--- START ---
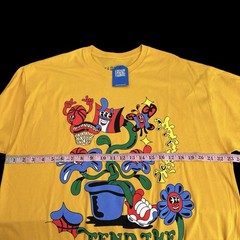 Market Studios XL Unisex T-Shirt Tend The Market Graphic Tee Yellow Multi New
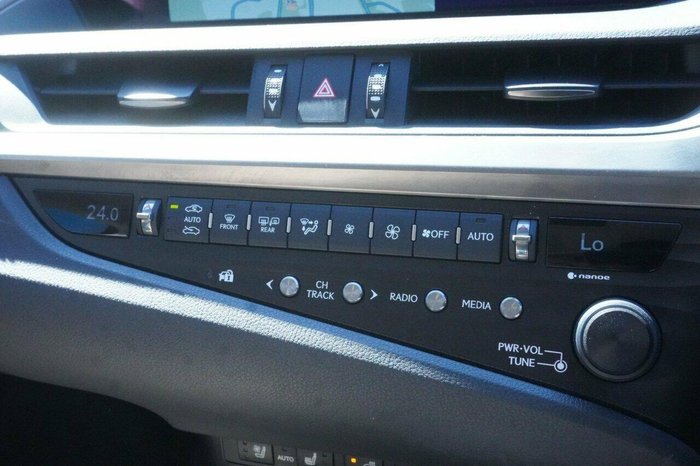 2019 Lexus ES 300h Sports Luxury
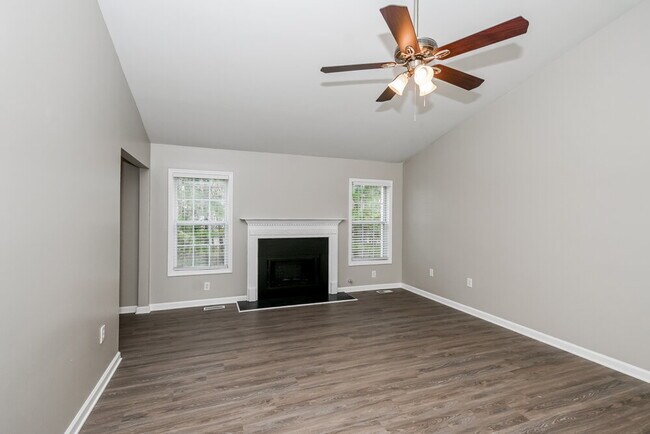 Building Photo - 6401 Harvester Cir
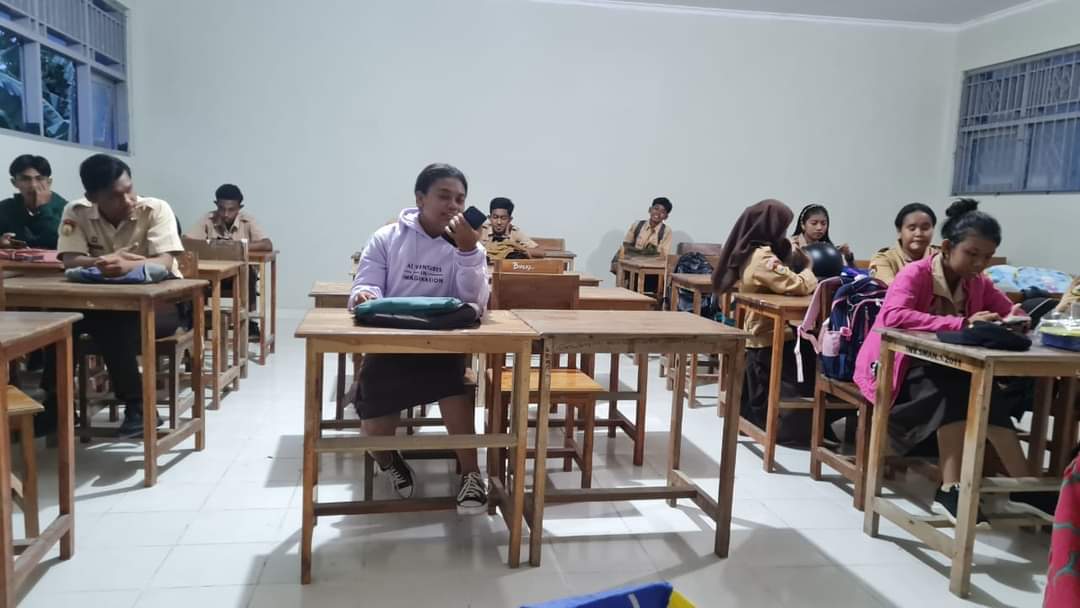 Siswa SMA di Kupang Tolak Masuk Sekolah Jam 5 Pagi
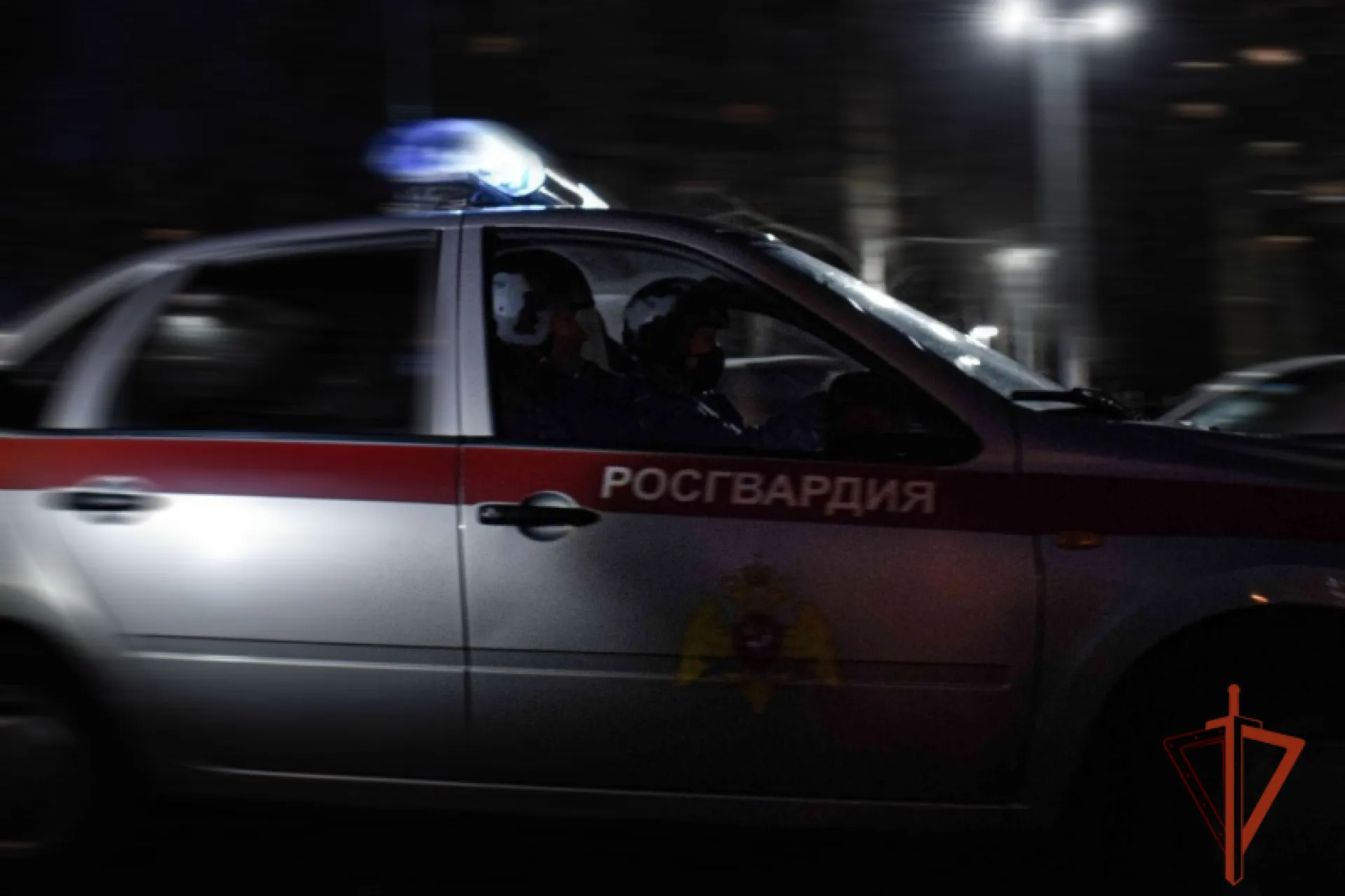 Росгвардейцы оперативно задержали грабителя благодаря тревожной кнопке в Новоалтайске Росгвардейцы оперативно задержали грабителя благодаря тревожной кнопке в Новоалтайске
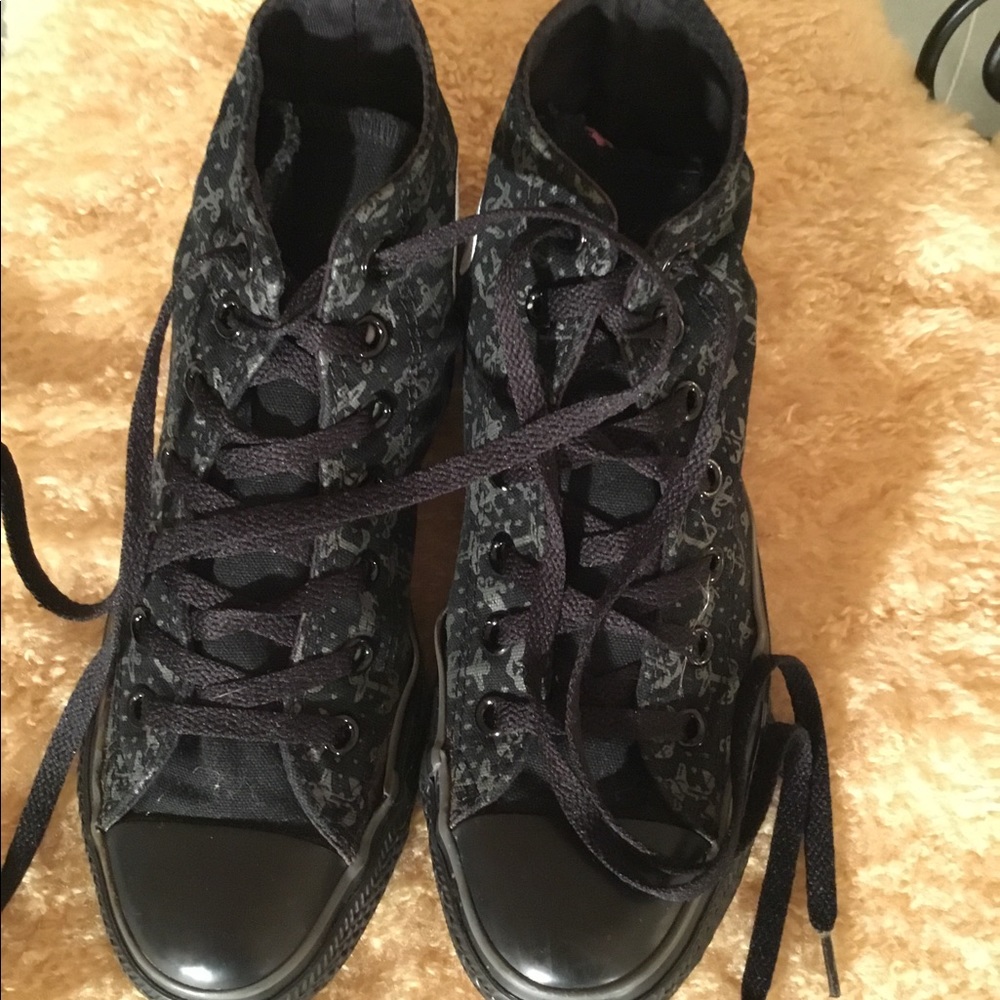 CONVERSE SHOES SIZE 5 EXCELLENT CONDITION. - Picture 2 of 10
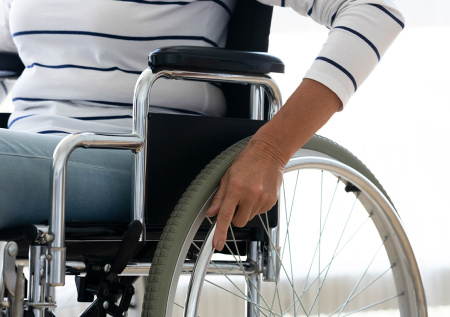 Женщина-парикмахер стала жертвой редкой болезни и перестала ходить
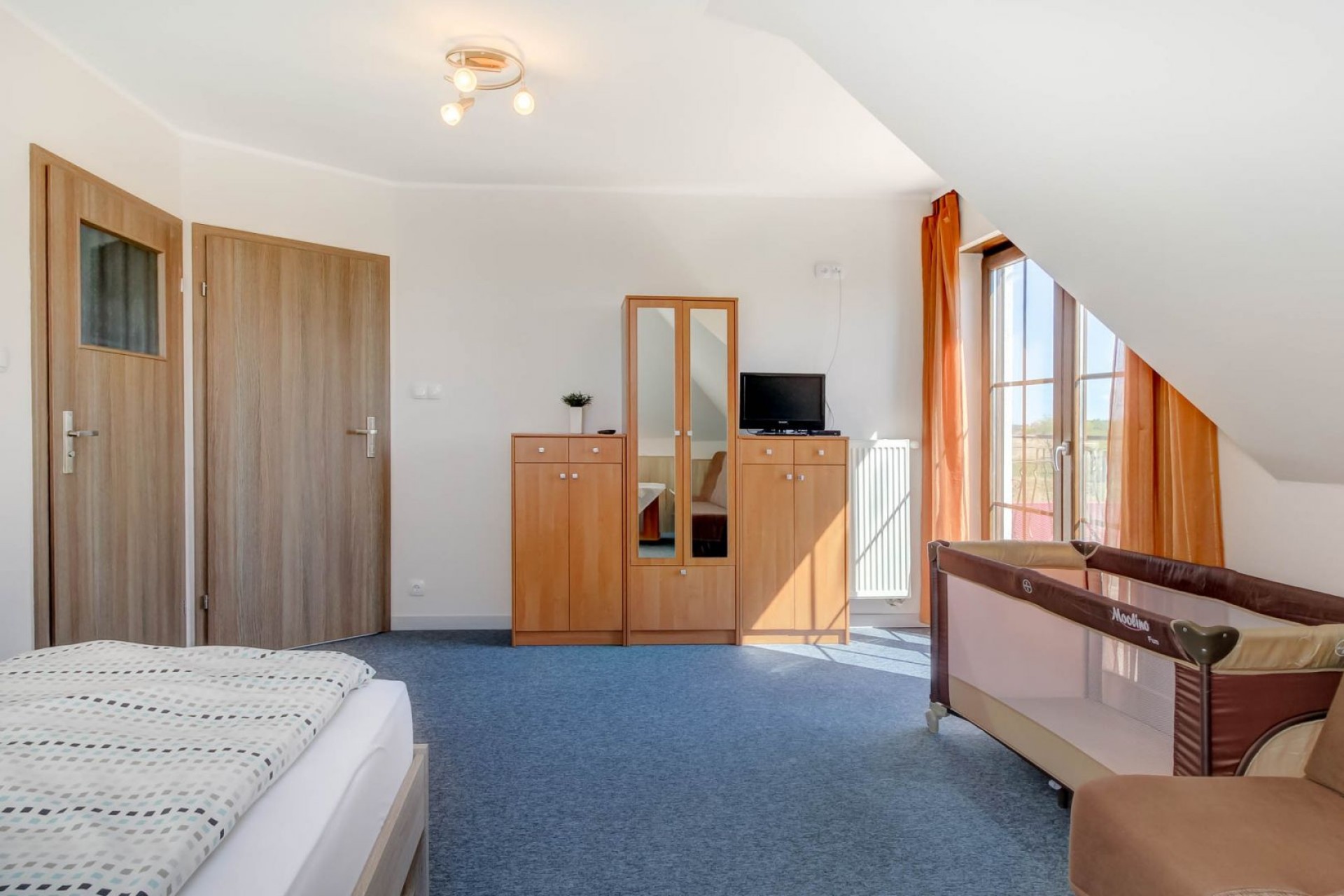 Ośrodek Wypoczynkowy LENIWIEC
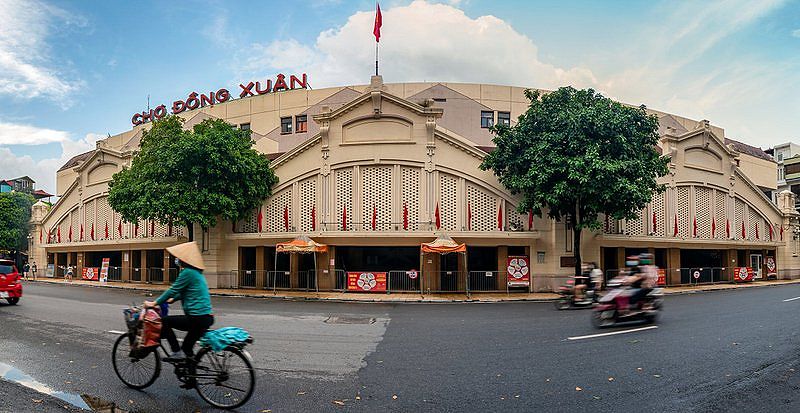 Dong Xuan Market, the largest market in Hanoi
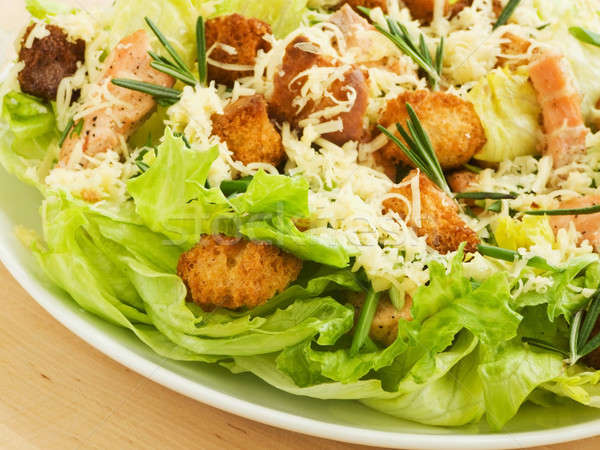 Caesar salade plaat vers ondiep voedsel Stockfoto © AGfoto
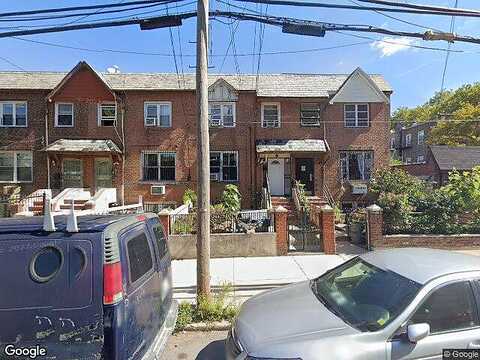 37Th Ave, Long Island City, NY 11101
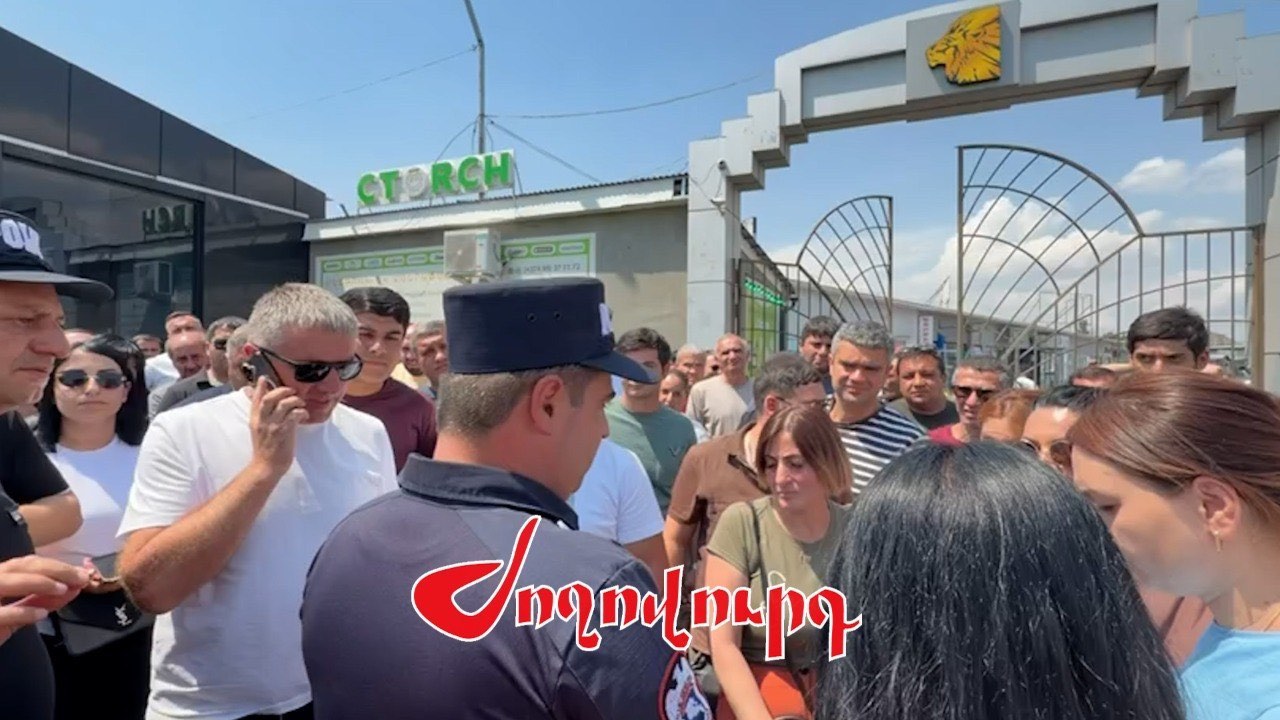 «Ճամփա փակելու մասին մոռացեք». ոստիկանության փոխգնդապետը՝ ակցիայի մասնակիցներին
--- END ---
[Exercise instructions] After locating the line with "37Th Ave, Long Island City, NY 11101", transcribe it and the rest of the data above exactly as written, without any picture.

[Final answer]
 37Th Ave, Long Island City, NY 11101
 «Ճամփա փակելու մասին մոռացեք». ոստիկանության փոխգնդապետը՝ ակցիայի մասնակիցներին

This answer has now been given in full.